Principle:SeldonIO Seldon core Production Traffic Monitoring
| Property | Value |
|---|---|
| Principle Name | Production Traffic Monitoring |
| Overview | Sending production inference requests through a monitoring pipeline and analyzing drift, outlier, and prediction outputs |
| Domains | MLOps, Monitoring |
| Related Implementation | SeldonIO_Seldon_core_Seldon_Pipeline_Infer_Monitoring |
| Knowledge Sources | Repo (https://github.com/SeldonIO/seldon-core), Doc (https://docs.seldon.io/projects/seldon-core/en/v2/) |
| Last Updated | 2026-02-13 00:00 GMT |
Description
Production traffic monitoring sends real inference requests through the monitoring pipeline. The pipeline processes each request through multiple paths simultaneously:
- Classifier produces income predictions (e.g., >50K or <=50K)

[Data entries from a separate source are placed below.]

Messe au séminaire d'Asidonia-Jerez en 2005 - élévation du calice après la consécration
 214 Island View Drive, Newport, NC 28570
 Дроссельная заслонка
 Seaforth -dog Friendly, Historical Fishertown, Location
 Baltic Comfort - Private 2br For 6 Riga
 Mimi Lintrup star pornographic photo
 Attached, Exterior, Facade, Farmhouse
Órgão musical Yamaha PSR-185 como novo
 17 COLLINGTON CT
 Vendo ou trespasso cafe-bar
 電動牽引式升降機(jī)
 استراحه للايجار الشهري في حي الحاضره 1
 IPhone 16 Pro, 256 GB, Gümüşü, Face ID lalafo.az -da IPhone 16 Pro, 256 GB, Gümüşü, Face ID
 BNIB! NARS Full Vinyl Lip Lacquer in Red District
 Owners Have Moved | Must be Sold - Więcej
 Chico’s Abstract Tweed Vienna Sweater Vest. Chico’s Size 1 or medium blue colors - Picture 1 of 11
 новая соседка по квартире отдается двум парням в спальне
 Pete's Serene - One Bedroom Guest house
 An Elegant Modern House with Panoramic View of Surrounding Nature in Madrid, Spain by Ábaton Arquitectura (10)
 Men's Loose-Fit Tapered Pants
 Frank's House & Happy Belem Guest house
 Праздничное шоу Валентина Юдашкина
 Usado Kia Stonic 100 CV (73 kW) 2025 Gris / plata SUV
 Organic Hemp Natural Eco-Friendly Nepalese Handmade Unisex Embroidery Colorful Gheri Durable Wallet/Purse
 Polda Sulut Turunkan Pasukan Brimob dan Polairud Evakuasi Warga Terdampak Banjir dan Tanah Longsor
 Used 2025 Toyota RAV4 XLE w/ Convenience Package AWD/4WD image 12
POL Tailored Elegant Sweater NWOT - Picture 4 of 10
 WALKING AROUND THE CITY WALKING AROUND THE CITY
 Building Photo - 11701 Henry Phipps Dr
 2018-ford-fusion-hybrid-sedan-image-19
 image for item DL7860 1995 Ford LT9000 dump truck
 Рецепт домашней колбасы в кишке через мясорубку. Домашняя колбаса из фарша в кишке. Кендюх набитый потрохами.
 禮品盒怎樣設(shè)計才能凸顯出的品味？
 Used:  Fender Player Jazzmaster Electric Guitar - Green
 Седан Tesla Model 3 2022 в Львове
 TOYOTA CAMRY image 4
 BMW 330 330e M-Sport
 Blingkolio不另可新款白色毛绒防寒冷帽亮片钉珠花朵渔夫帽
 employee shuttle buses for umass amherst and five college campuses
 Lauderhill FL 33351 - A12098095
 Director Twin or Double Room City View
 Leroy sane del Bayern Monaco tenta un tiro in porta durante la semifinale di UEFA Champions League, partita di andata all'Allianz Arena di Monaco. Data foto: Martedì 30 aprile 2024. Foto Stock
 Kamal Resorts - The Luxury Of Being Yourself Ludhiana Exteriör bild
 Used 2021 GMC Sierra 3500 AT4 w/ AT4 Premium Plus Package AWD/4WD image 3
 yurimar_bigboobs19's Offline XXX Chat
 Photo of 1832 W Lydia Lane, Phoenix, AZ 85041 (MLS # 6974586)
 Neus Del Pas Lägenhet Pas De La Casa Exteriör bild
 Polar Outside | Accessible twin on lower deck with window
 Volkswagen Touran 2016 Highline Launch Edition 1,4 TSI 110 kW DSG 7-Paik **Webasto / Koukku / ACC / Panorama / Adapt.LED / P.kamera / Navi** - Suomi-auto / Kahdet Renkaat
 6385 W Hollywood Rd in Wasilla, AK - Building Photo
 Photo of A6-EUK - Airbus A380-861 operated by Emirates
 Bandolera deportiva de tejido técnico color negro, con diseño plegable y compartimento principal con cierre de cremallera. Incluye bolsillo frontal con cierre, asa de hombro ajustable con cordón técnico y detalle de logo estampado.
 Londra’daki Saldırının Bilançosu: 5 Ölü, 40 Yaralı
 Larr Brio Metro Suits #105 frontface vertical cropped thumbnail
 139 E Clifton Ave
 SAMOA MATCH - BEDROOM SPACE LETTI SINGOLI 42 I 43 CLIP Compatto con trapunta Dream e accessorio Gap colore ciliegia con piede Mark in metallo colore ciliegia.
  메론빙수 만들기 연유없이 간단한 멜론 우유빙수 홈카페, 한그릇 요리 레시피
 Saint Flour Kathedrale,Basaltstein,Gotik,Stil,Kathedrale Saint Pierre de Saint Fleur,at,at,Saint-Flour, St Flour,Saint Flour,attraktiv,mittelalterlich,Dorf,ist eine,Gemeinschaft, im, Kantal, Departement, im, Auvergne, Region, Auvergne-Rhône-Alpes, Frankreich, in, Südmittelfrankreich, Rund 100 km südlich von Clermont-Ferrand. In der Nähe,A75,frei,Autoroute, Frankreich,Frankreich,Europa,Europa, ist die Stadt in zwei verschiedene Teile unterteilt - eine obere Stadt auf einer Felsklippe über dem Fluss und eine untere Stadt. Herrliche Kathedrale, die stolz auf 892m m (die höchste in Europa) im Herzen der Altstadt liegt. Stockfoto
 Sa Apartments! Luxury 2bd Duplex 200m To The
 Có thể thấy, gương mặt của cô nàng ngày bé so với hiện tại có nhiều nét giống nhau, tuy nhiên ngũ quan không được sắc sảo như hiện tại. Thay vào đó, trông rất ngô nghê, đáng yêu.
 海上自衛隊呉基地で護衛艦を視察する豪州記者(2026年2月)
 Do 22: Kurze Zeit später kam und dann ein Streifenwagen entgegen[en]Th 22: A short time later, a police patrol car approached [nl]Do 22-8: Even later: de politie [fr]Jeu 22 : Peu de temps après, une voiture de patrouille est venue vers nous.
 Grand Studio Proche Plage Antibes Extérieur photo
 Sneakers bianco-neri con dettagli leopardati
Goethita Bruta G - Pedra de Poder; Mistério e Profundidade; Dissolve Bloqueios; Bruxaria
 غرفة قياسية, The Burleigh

- Outlier detector flags anomalous inputs with per-request binary is_outlier decisions
- Drift detector aggregates batches of requests to test for distribution shift
Both the Python requests library and the seldon CLI can be used to send inference requests. Prometheus metrics provide aggregate monitoring dashboards for operational visibility.
Theoretical Basis
Continuous monitoring detects model degradation in production by comparing live data distributions against training data references. The monitoring operates at two temporal scales:
Per-Request Monitoring (Outlier Detection)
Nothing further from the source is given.